Dios tiene
atributos: santidad, bondad, justicia, libertad, amor, misericordia y muchos
otros que resaltan su excelencia. Es que Dios es bueno y tanto lo es, que no
hay nadie igual. El mismo Jesús enseñó: “… Ninguno hay bueno, sino sólo Dios” (Lucas 18:19). Es la
verdad más terrorífica de la Biblia porque implica que nosotros no lo somos; no
somos capaces de imitar su carácter. En realidad, somos y hacemos lo contrario,
“todos han pecado y están privados de
la gloria de Dios” (Romanos 3:23). Toda la creación demanda nuestra
condena; si no la hubiera, se subvertiría toda su armonía y se exaltaría la
injusticia. Además, Dios desea que seamos perfectos. Si es justo y perdona al
malo sin condenación, ya no sería justo. ¿Cómo un Dios bueno puede llamar a
hombres malos y seguir siendo justo? Números 14:18 (NVI) aclara: “El Señor es lento para la ira y grande en
amor, perdona la maldad y la rebeldía, pero no tendrá por inocente al culpable,
sino que castiga la maldad de los padres en sus hijos hasta la tercera y cuarta
generación”. Como al mismo tiempo de ser justo, nos ama, se da cuenta
que no podremos ir a Él por mérito propio. Es decir, somos pecadores por
nacimiento (desde Adán y Eva, todos SOMOS pecadores; tenemos un pecado heredado)

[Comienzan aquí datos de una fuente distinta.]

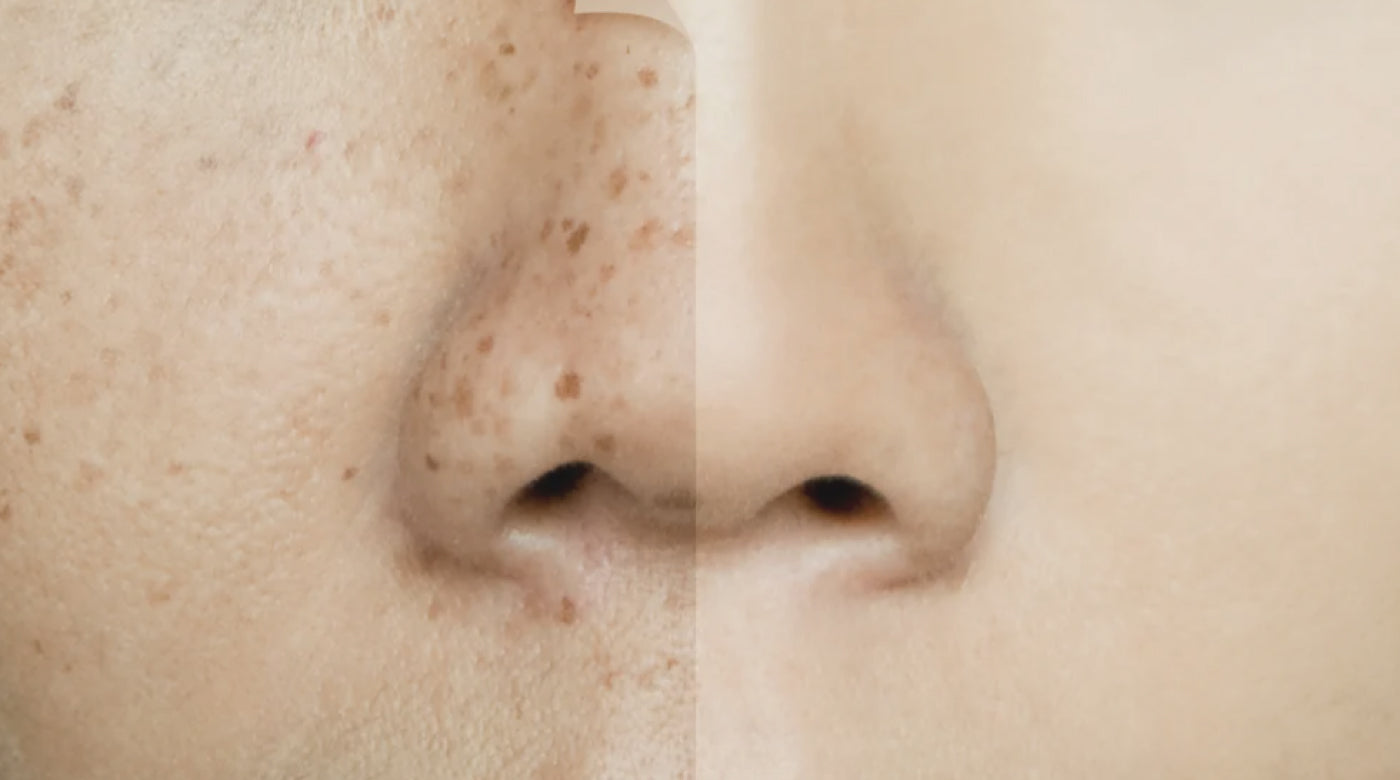 Skincare Myth: Only Older People Get Age Spots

y por opción (elegimos pecar; habríamos decidido lo mismo que Adán y Eva; o
sea, todos tenemos pecados
cultivados por elección propia). Nuestra naturaleza nos condena, la de Dios nos
salva.
Cristo
es el puente de unión entre ambas naturalezas: “No solo no conocemos a Dios,
excepto a través de Jesucristo; sino que tampoco nos conocemos a nosotros
mismos, excepto a través de Jesucristo” (Blaise Pascal). Solo Cristo
resuelve la falsa creencia de un Dios enojado y la falsa creencia de un ser
humano perfectible por mérito propio. La cruz muestra la solución a este
problema: un Dios justo, condena al pecado y salva al pecador. Cristo cumplió
la condena que merecíamos cumplir nosotros. Pagó el precio en su totalidad. Dios
es justo, y debe condenar al pecado. Y al mismo tiempo, Dios es amor y debe
salvar al pecador. Su plan es que tomemos esa solución. Recorrer ese puente
que nos lleva a la salvación es nuestro dilema diario. Podremos caer
nuevamente, pero nos levantaremos e iremos progresando porque ya no
practicaremos el pecado, sino que mejoraremos en la búsqueda hacia la santidad.

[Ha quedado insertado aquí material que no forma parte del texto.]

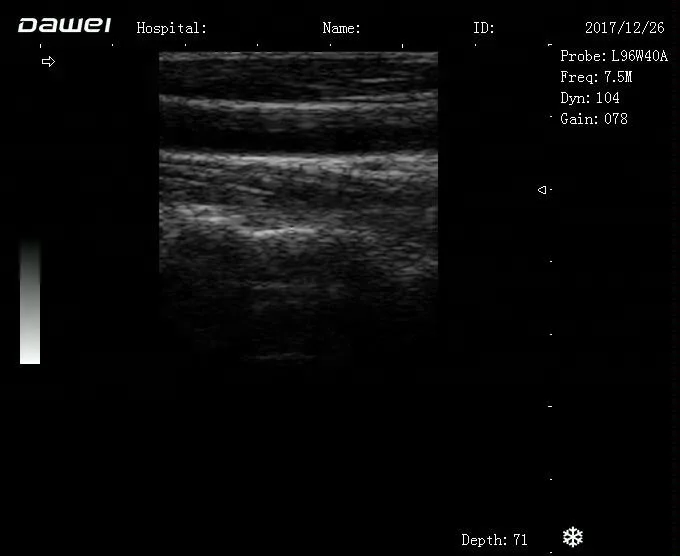laptop ultrasound machine& cheap BW ultrasound scanner with battery DW580
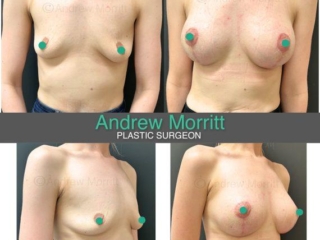 breast-augmentation-mastopexy-5 breast implants augmentation and uplift mastopexy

Además, tenemos un consuelo claro para cuanto fallamos: “… el que comenzó en vosotros la buena obra, la perfeccionará hasta el
día de Jesucristo” (Filipenses 1:6). Y también con la explicación para
muchas situaciones que no entendemos: “Hijo
mío, no tomes a la ligera la disciplina del Señor ni te desanimes cuando te
reprenda, porque el Señor disciplina a los que ama y azota a todo el que recibe
como hijo” (Hebreos 12:5, 6). Cuando nos convertimos en cristianos empezamos
un proceso de educación especial que puede necesitar alguna disciplina para
pulir mejor nuestro carácter. No obstante, los malos recibirán el castigo
merecido porque rechazaron a Dios. Sus hechos no quedarán impunes porque Dios
es justo, además de bueno. Todos tendrán las oportunidades necesarias para
arrepentirse y entregarse a Dios. Así como la tuvimos quienes los conocemos, la
tendrán todos los seres humanos porque Dios nunca se impone por la fuerza, lo
aceptamos con total libertad y amor.